Da solo, ma con una consapevolezza: che dopo le nuvole ritorna sempre il sole, come un cammino che riprende, come un pezzetto di utopia realizzato su questa nostra terra.

domenica 20 novembre 2011

Anche il Porcellino nel cimitero delle librerie

E dunque, anche la Libreria del Porcellino non ce la fa più, l'ho letto questa mattina sul giornale. All'elenco delle librerie che chiudono, senza prospettive di riapertura, se ne aggiungerà presto un'altra, che era quasi un'istituzione.

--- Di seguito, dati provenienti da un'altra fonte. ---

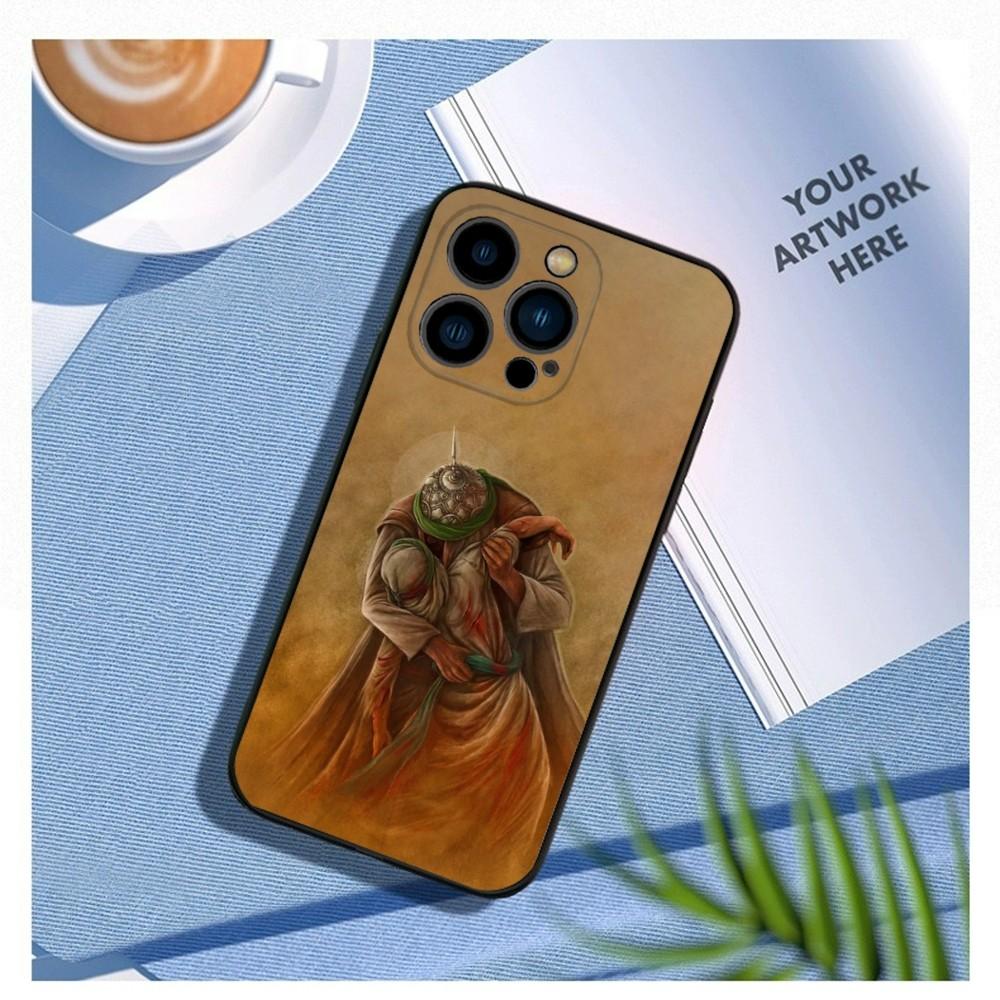 Imam Hussain Shia Ali Phone Case For iPhone15,14,13,12 Mini 11 Pro XR,X,XS,MAX 7,8 Plus Silicone Cover Soft Black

Il Porcellino, nel cuore di Firenze, appena dietro Palazzo Vecchio, a un passo dalla fontana del Tacca dove da bambino mi capitava di gettare una monetina per inseguire qualche sogno - e la libreria era già lì, lo era da molto tempo.

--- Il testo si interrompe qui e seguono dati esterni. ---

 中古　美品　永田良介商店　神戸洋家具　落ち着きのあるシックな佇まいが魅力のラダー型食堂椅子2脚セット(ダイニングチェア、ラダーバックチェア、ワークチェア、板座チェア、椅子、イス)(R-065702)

Non che l'abbia frequentata molto, per essere sinceri. Le librerie sono come le amicizie, o come dovrebbero essere le amicizie, le incontri per caso, prosegui per ragioni che ti è difficile indagare, però sai che la fedeltà conta. O magari, semplicemente, il Porcellino non era sulla mia strada.

Però quando passavo lì davanti mi piaceva sbirciare, indugiare davanti alla vetrina che rimandava ad altri tempi, con tutti quei libri stipati, disordine che in realtà pareva ordine dettato dal gusto e dal piacere, non un titolo che non sembrasse scelto. Non mi consola più di tanto nemmeno che possa avere un futuro come libreria on line: è un'altra cosa, comunque.

Mi è venuta in mente la libreria di Charing Cross 84, Londra, autentica protagonista di un bellissimo film di tanti anni. Mi è venuta in mente la libreria di Buenos Aires raccontata e rimpianta da Tito Barbini nel suo bellissimo ultimo libro, Il cacciatore d'ombre (Vallecchi). Me ne sono venute in mente alcune altre, che mi mancano.

Un'altra adesso fa loro compagnia, nel cimitero delle librerie che c'erano e non ci sono più.

giovedì 13 ottobre 2011

Tutto ciò che serve a un libro di viaggi

Leggetelo tutto, perché merita, ma leggete con particolare attenzione le prime pagine de Il cacciatore di ombre (Vallecchi, collana Off the road), il libro che Tito Barbini dedica a quello straordinario personaggio che fu Don Patagonia, cioé Alberto Maria De Agostini, missionario ed esploratore di altri tempi riscoperto attraverso un viaggio in Argentina.

Leggete quelle pagine perché c'è tutto o quasi tutto quello che si deve pretendere dalla letteratura di viaggi.

Dice Tito:

Mi viene da  chiedermi se una storia può essere raccontata da uno scrittore senza che ci metta dentro la sua immaginazione

E ha ragione, Tito, perché la letteratura di viaggio non può essere solo resoconto, diario, cronaca, ha bisogno di quella immaginazione che Giacomo Leopardi definiva la prima fonte della felicità umana.

Dice Tito:

Ho sempre pensato che le storie di viaggio non siano mai storie personali

E ha ragione, Tito, perché il racconto di viaggio è in primo luogo viaggio condiviso.

Dice ancora Tito di non preoccuparsi troppo del tempo e dello spazio che prova a separarci, tanto anche le storie più distanti possono camminare insieme.

E se ci pensate, i nostri viaggi non sono mai solo spazio, sono sempre anche nel tempo.